Avenir d’Arcachon N° 2807 du 23/9/1906

Incendie du Grand-Hôtel

Dans la nuit du jeudi au vendredi 21 septembre, le feu s’est déclaré au Grand-Hôtel et l’a complètement détruit ; c’est le plus grand malheur industriel qui put atteindre la ville d’Arcachon.

Vers 2 heures du matin, une forte odeur de brûlé se dégageait dans l’aile de l’Est. Le feu avait pris dans une pièce inoccupée du premier étage, gagné les cloisons, atteint les charpentes, et peut-être aussi par suite des conduites de gaz et d’électricité, se propageait d’une manière effrayante dans toutes les directions du vaste établissement.

L’apport de l’eau était difficile à effectuer. M. Ferras s’y mit avec son personnel et espéra circonscrire le danger ; mais les pompes et l’organisation de la Ville sont insignifiantes.

M. Ferras et sa famille déployèrent un courage et un dévouement à toute épreuve, pour appeler et grouper les moyens d’extinction, et quand ils virent que la marche de l’incendie devenait instantanée et foudroyante, il s’évertuèrent à sauver la vie des clients et clientes, très nombreux à cette époque de l’année.

Grâce à des prodiges d’efforts et d’activité, ils parvinrent à faire évacuer cet immeuble considérable, sans qu’il y ait de mort à déplorer. En vêtements de nuit, les voyageurs se répartirent à l’Hôtel Continental en forêt et dans les différents hôtels de la Ville.

Le feu n’étant circonscrit dans aucun endroit, mais réparti sur un embrasement général, les plafonds commencèrent à s’effondrer, et l’œuvre de destruction s’accomplit avec une rapidité vertigineuse et terrible.

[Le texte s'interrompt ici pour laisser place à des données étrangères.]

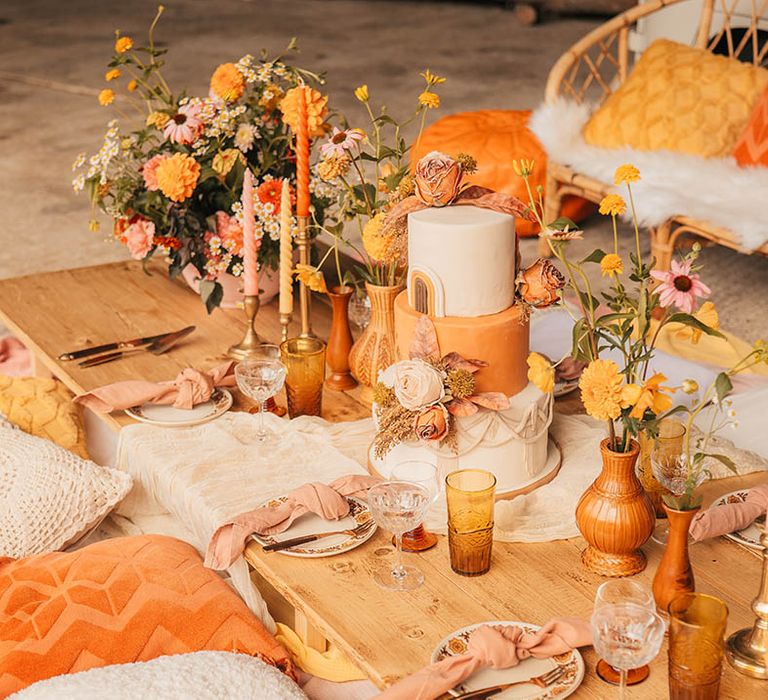 Themed wedding tablescape with orange wedding flowers, decorations and wedding cake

A 4 h. du matin, notre splendide et malheureux Grand-Hôtel ne représentait qu’un immense amas de flammes s’élançant entre les gros murs en langues de feu, à une hauteur énorme. Si au lieu d’une nuit très calme, le moindre vent avait soufflé, tout le quartier pouvait être atteint.

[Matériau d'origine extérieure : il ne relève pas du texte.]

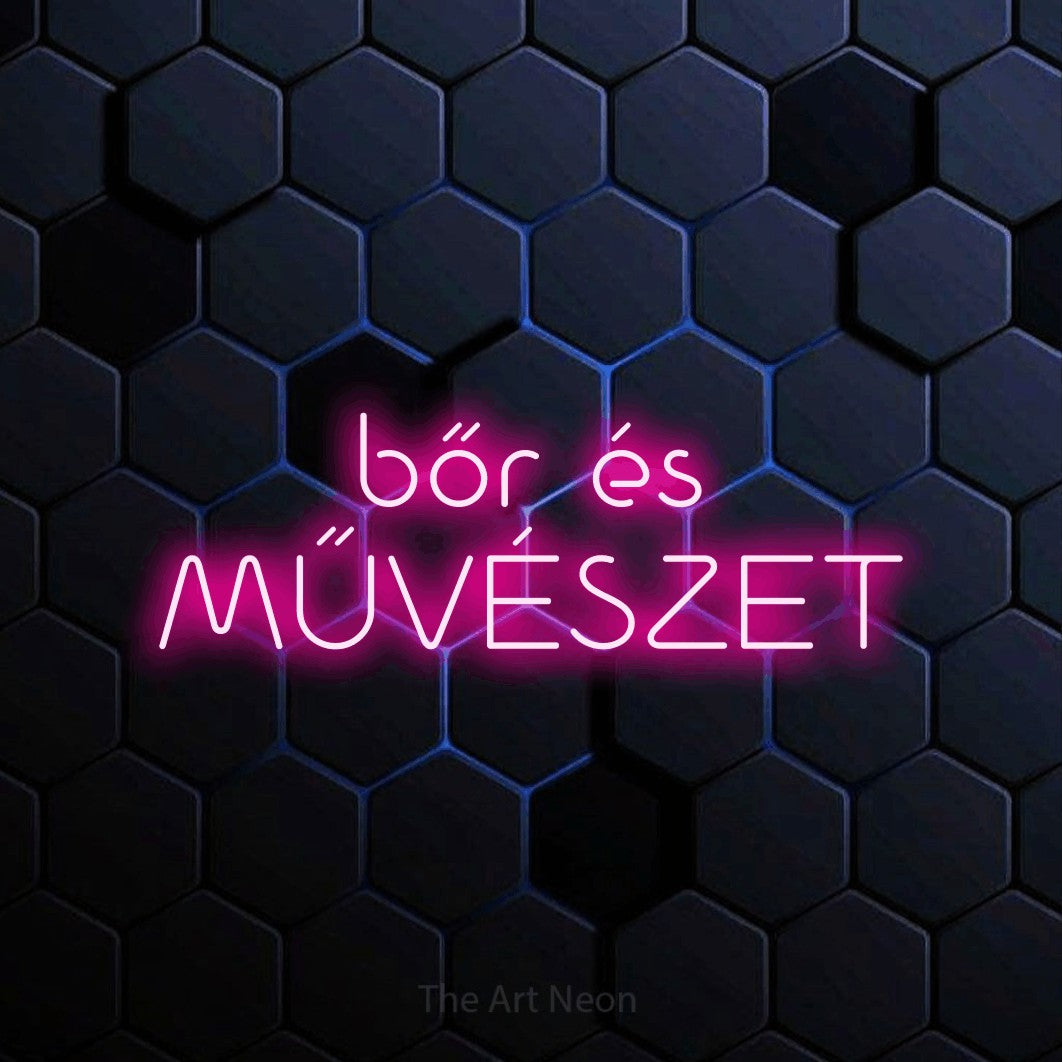 LED neon sign reading “bőr és MŰVÉSZET”, arranged in two lines.
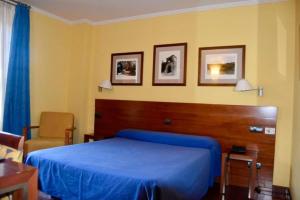 a bedroom with a blue bed and a chair at Hotel Vado del Duratón in Sepúlveda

Le Gand-Hôtel, propriété appartenant à M. Léon Lesca, et d’une valeur de deux millions, avait été construit en 1865. Tout y était monumental : les escaliers, ascenseur, établissement balnéaire et d’hydrothérapie, salle de garage automobile, un immense hall de rez-de-chaussée, des salons de 25 mètres de long sur 10 de large, salons de l’Est, salons de l’Ouest, restaurant d’hiver, restaurant vitré d’été, des terrasses, des balcons, 300 chambres, et des salons aussi aux étages meublés luxueusement, en faisaient un des plus beaux, des plus spacieux, des plus fastueux hôtels du Sud-Ouest.

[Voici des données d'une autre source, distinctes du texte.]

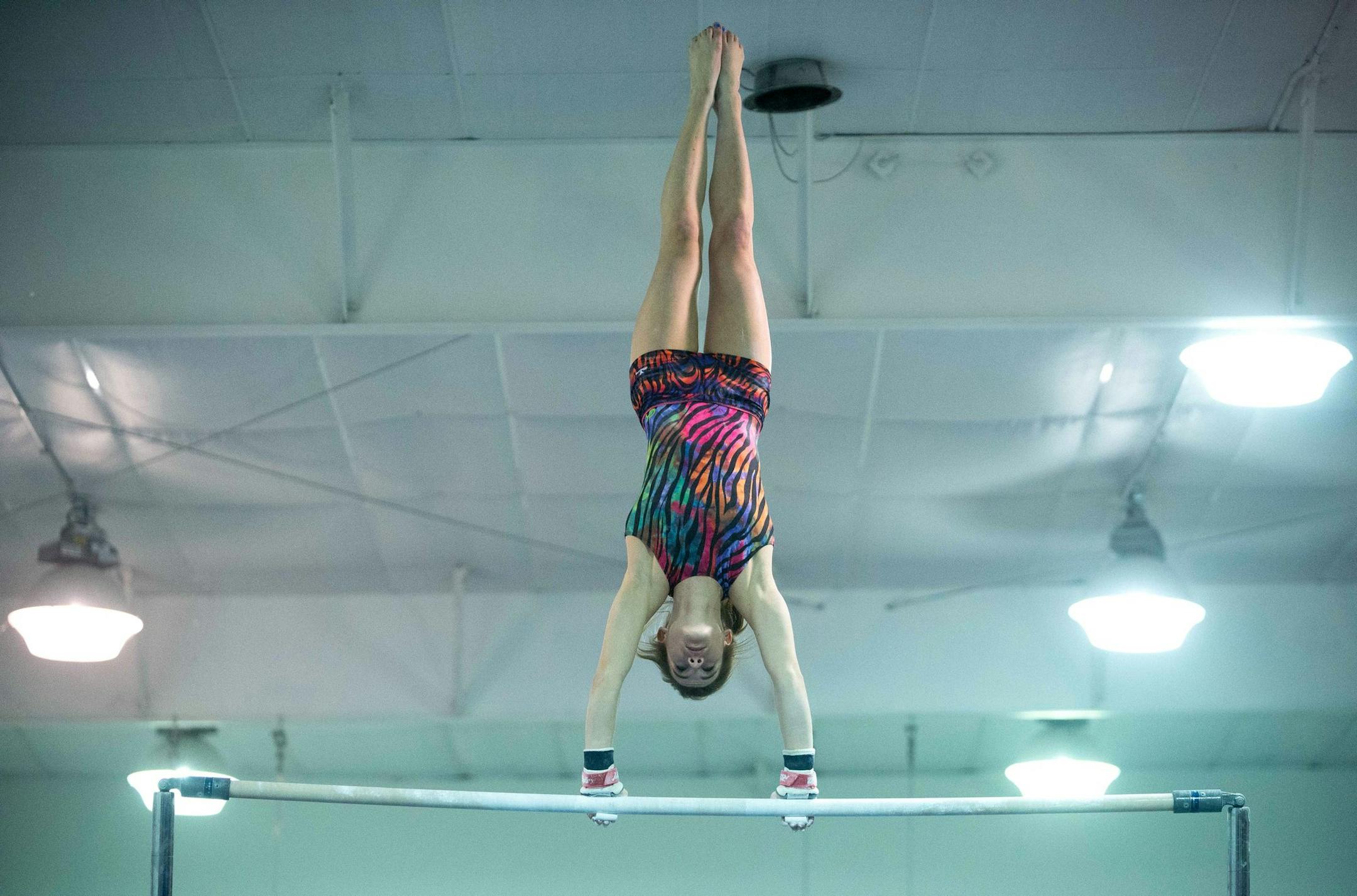 Northfield senior Bailey DuPay competes on the high bars during Saturday's meet. ] AARON LAVINSKY • aaron.lavinsky@startribune.com Northfield's gymnastics team holds an eight-team invitational at the Northfield Gymnastics Club Saturday, Dec. 6, 2014.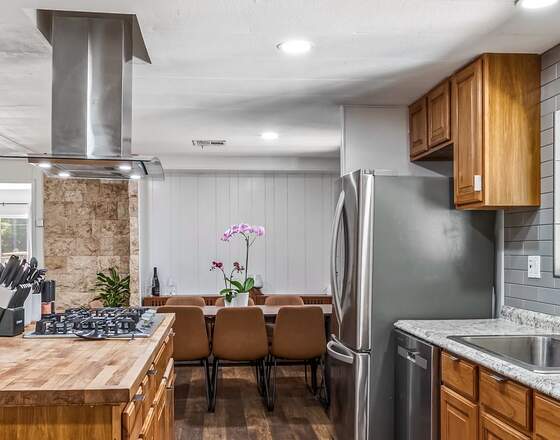 A kitchen island and range wiped down and reset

M. Léon Lesca, notre ancien conseiller général, qui a fait tant de bien à ce pays, qui a toujours représenté et défendu l’intérêt général avec une infatigable sollicitude, qui a toujours fait et fait encore tant de sacrifices de temps et d’argent pour Arcachon, la station et la région, venait récemment d’éprouver, dans les incendies de forêts de la semaine dernière, une perte de 500 hectares, dont 400 hectares de bois à Salaunes, et 120 à St-Jean-d’Illac.

Ce nouveau sinistre dans son aveugle fatalité, ce Grand-Hôtel détruit à 40 ans de sa date de construction, est comme nous le disions tout-à-l’heure, un malheur privé et public.

Au milieu de ses jardins, entre le boulevard et la plage, il ne reste plus que les quatre murs de ce grandiose édifice carré ; tout s’est écroulé, s’est effondré sur le centre ; tout a été englouti dans l’incandescence du foyer.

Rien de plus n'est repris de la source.